I got the DVD of Ryan Gosling's debut feature Lost River in June. (I still get the DVDs because I am old and they have a better selection). I was excited about Lost River. I like Ryan Gosling: I think he makes good choices, and although I haven't always enjoyed the movies that the directors whose muse he is (Derek Cianfrance and Nicolas Winding Refn) have made with him, I always think Gosling is interesting to watch in these films, even when the films don't work for me.
In any case, I was predisposed to like Lost River. And so I started watching it in early June.
I got about ten minutes in – a ten minutes that played like a riff on a David Gordon Green movie – and then the movie changed tone starkly. The film's star Christina Hendricks was now in a bank office populated by absolutely no one until Ben Mendelsohn enters doing a kind of bizarrely menacing David Lynch kind of thing. This section of the movie is a kind of absurd exposition sequence, in which the main character is introduced to us as in a complete financial bind because of her own ignorance, and (it is immediately obvious) will now be forced to do a series of things that she doesn't want to do but that the film will enjoy watching her do.
I took the DVD out and went to sleep instead. This was already too contrived for my taste.
And then I didn't put the DVD back into my player until last night, when I convinced myself – finally – simply to finish this movie so that I could move on with my movie-watching existence.

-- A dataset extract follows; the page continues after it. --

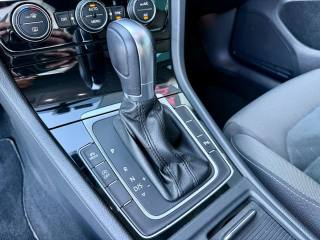 VOLKSWAGEN Golf usata, con Gancio traino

Well, I was right when I took it out the first time in June. Lost River is derivative of lots of other filmmakers, which is, I suppose, fine as far as it goes, but Lost River also can't decide which of these guys it likes best. David Lynch is an obvious influence, with his grotesquely vicious worlds and characters who behave without motivation of any kind, but the movie also insists on numerous shots lit by a single source of brightly saturated neon light (pink, red, sometimes green) just like Refn's (awful) Ryan Gosling movie Only God Forgives.
Let me just stop right here: Avoid this thing at all costs. It is slow and ponderous and absurdly self important. And it is insanely, almost sadistically boring. Eva Mendes is a charming bright spot in this dour universe, but there isn't much else of interest and there's no one to root for in Lost River. Stay away.